I dropped into a superb session from Vivek Sharma telling people about how Microsoft runs Exchange Online within Office 365. The impression here is that standardization (in everything), automation, attention to detail, and the total commitment of the engineering team are strong elements behind the ability of Office 365 to deliver a service based on 100,000 servers. Lots of good detail about Microoft’s capacity planning and workflow systems. Best quote from this session was “we don’t let marketing touch servers.”  Quite right too!

My last session was Jeff Mealiffe’s discussion about best practices for virtualization of Exchange.

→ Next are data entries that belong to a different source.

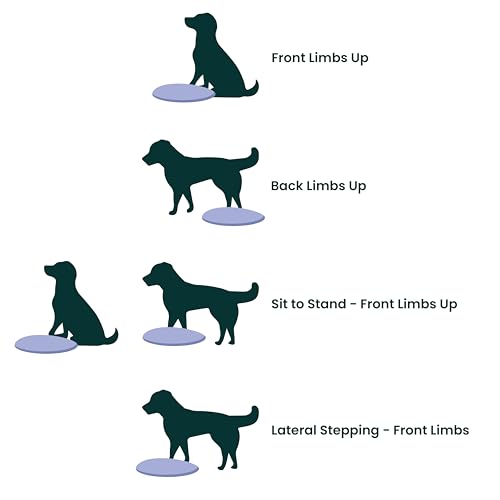 Fitpaws Balance-Disc für Hunde, 14', Violett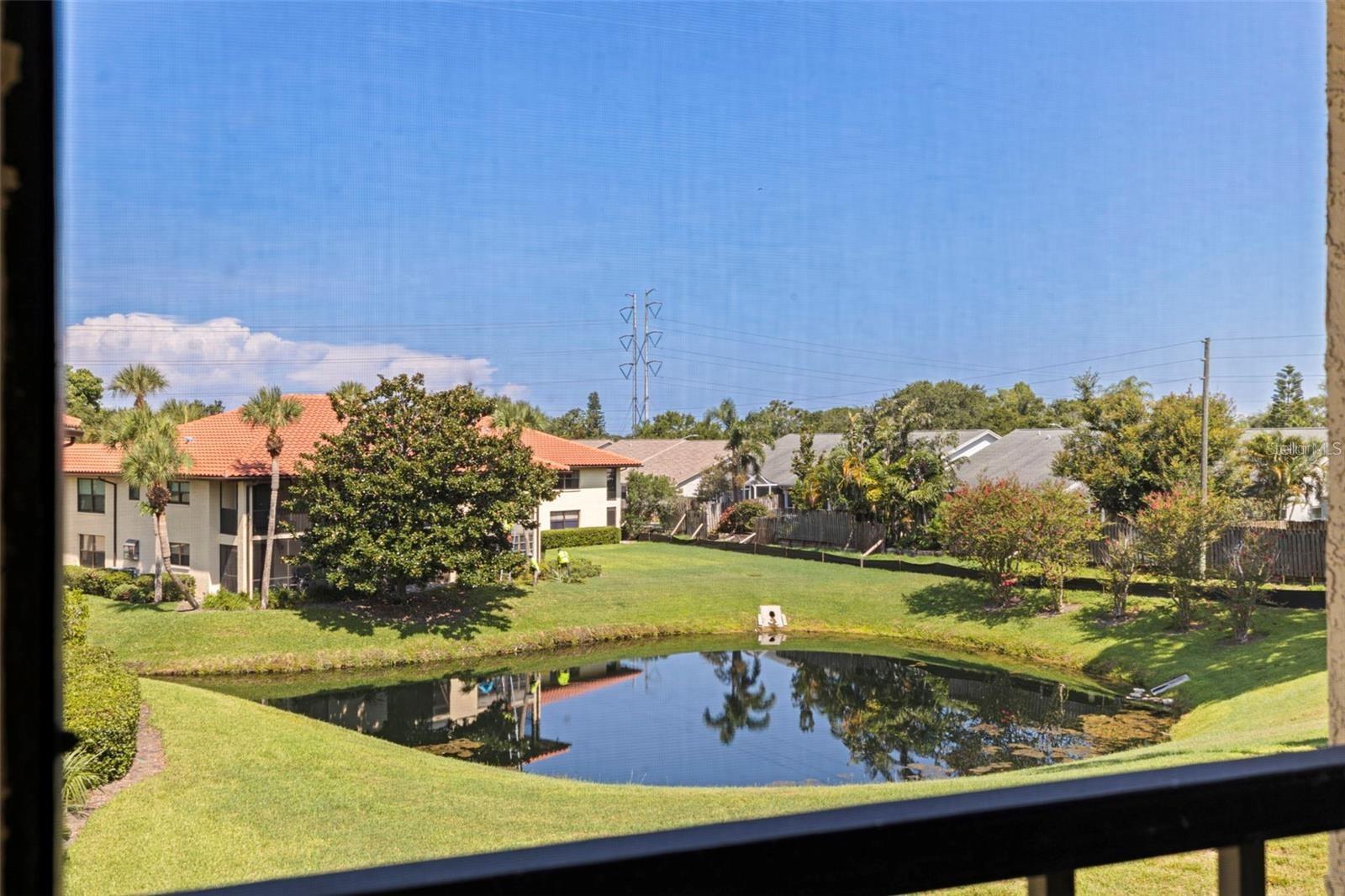 HAMMOCK PINE VILLAGE - Residential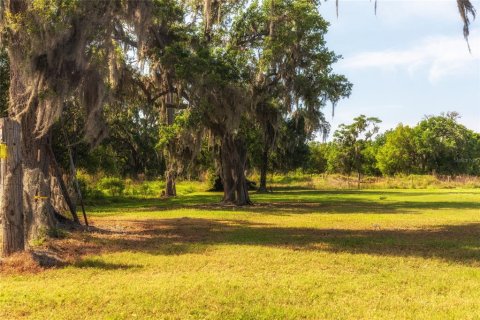 Terreno en venta en Plant City, Florida № 1303260 - foto 8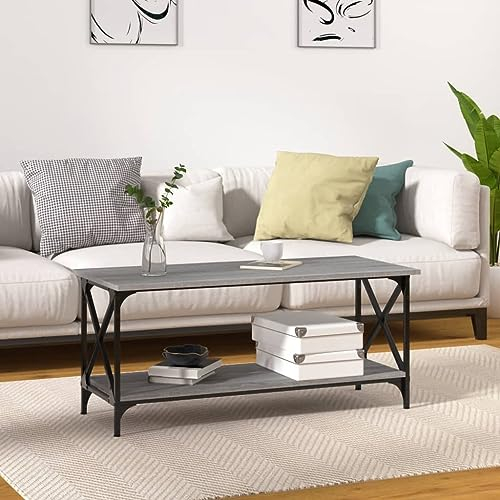 BUKSCYJS Tisch Wohnzimmer,Truhentisch Couchtischcouchtisch Grau Sonoma 100x45x45 cm Holzwerkstoff Und Eisengeeignet FüR Wohnzimmer, Neben Dem Sofa, Arbeitszimmer, Konferenzraum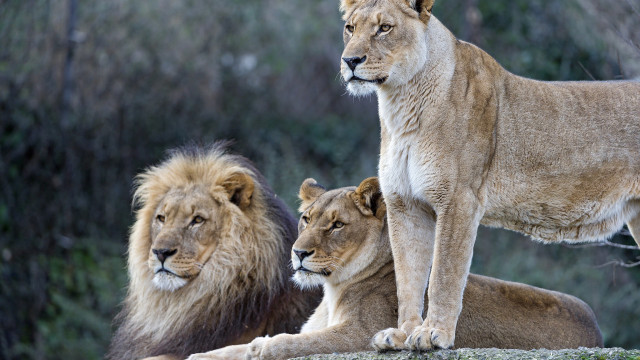 Three lions forest rock nature free wallpaper for desktop - medium preview image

Now, my personal preference has always tended to be to have mailbox servers on nice physical servers and this impression was confirmed and deepened by Jeff’s remarks, which were practical and detailed. There are many pitfalls that await the unwary who venture into virtualized Exchange in production (test boxes are great on virtual machines) so it pays for anyone who wants to do this to prepare diligently and make sure that they can support the deployment. Speaking of support, we covered the whole “why Exchange doesn’t support NFS” topic again. In a nutshell, NFS is not supported and only 3 people in the crowd of several hundred were interested in NFS anyway, so it doesn’t appear to be as hot a topic as imagined.

In any case, MEC day 2 was great. I enjoyed all the sessions I attended and believe that the same opinion is shared by most other attendees. And now on to day 3 when I’m involved in two sessions. Should be a blast!